Work to be completed: Copy out the lines beginning at the one with "BIKASH DEHURI" and ending at the last line of the data, both included; pictures stay out.

(Records excerpted from a collection)
*** Begin section ***
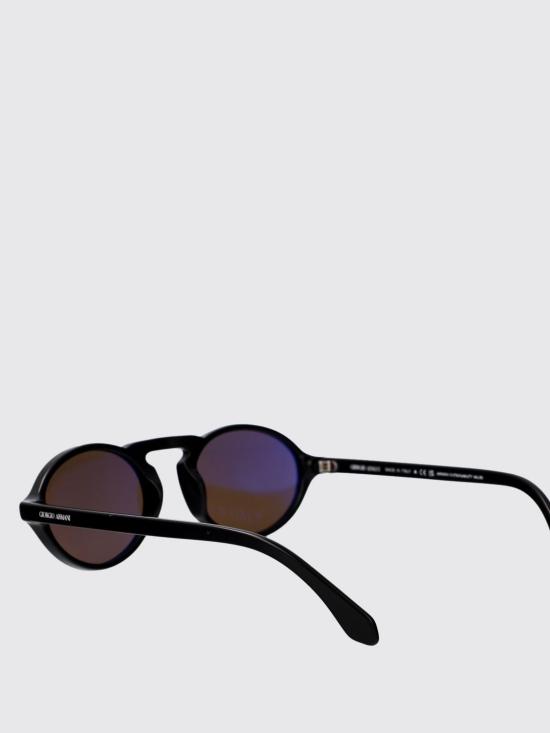 26SS 조르지오 아르마니 선글라스 0AR8219U 58758T Black - GIORGIO ARMANI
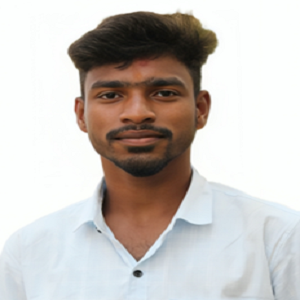 BIKASH DEHURI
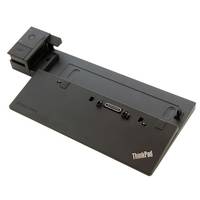 Lenovo ThinkPad Basic Dock - Port Replicator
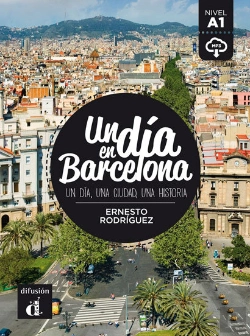 Bertrand.pt - Un Día En Barcelona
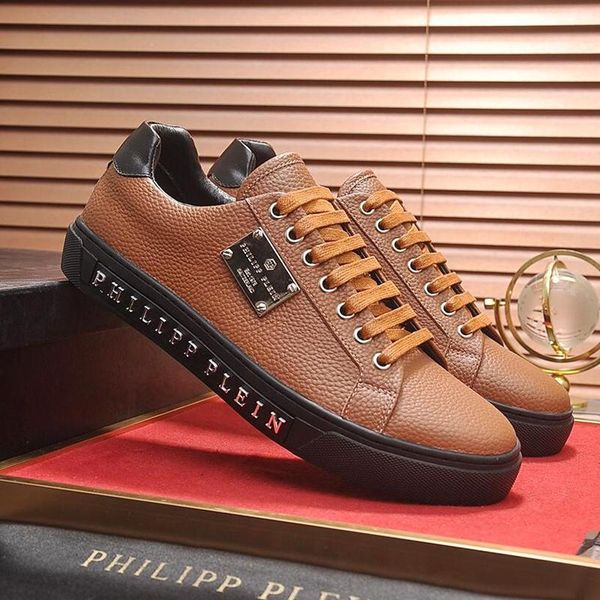 

luxury mens fashion shoes 2020 vintage low style lightweight sneakers zapatos de hombre casual with origin box comfortable sports sh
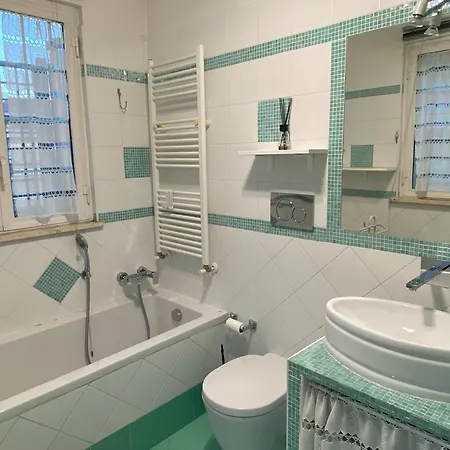 Tiziana's Terrace - Pet Friendly * روما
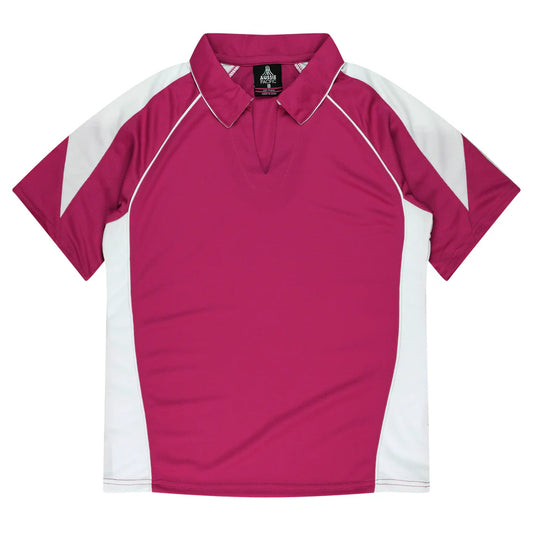 PREMIER LADY POLOS - N2301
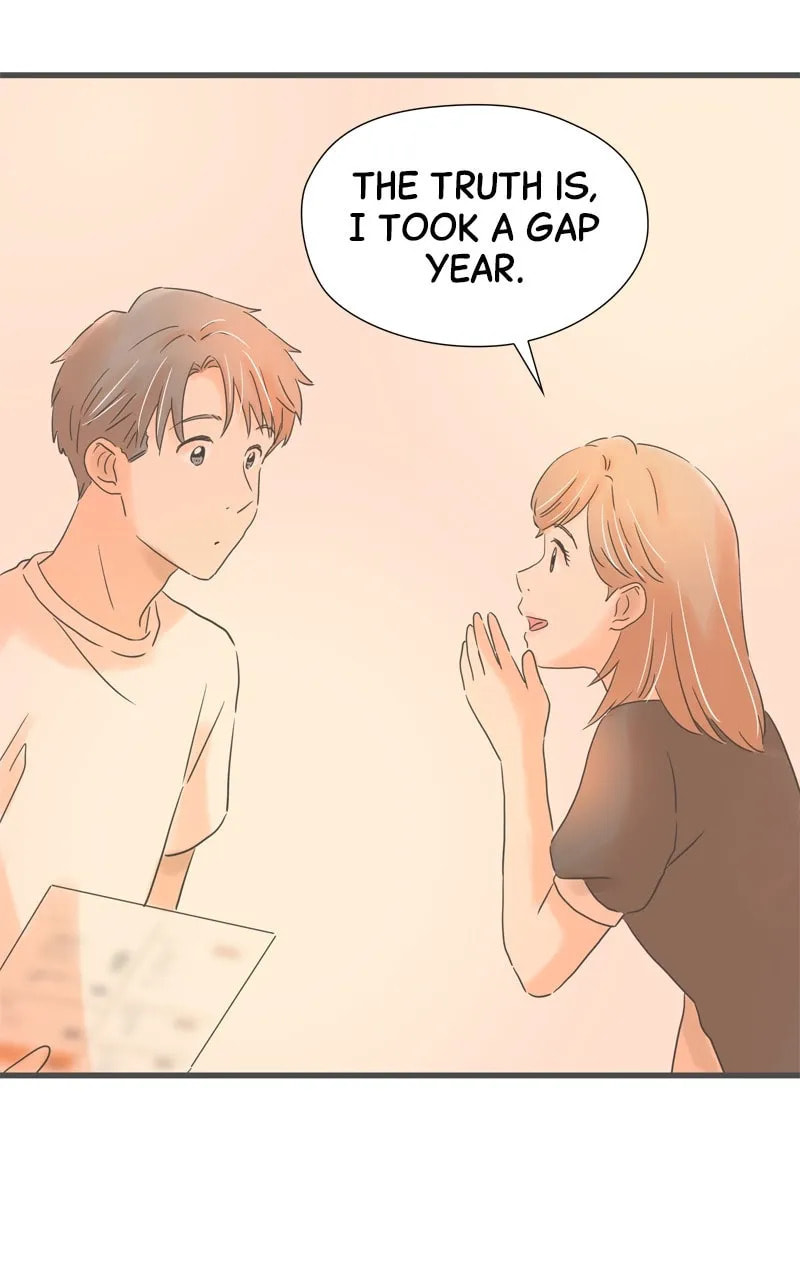 It Rains On Precious Days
*** End section ***
Task solution:
 BIKASH DEHURI
 Lenovo ThinkPad Basic Dock - Port Replicator
 Bertrand.pt - Un Día En Barcelona

luxury mens fashion shoes 2020 vintage low style lightweight sneakers zapatos de hombre casual with origin box comfortable sports sh
 Tiziana's Terrace - Pet Friendly * روما
 PREMIER LADY POLOS - N2301
 It Rains On Precious Days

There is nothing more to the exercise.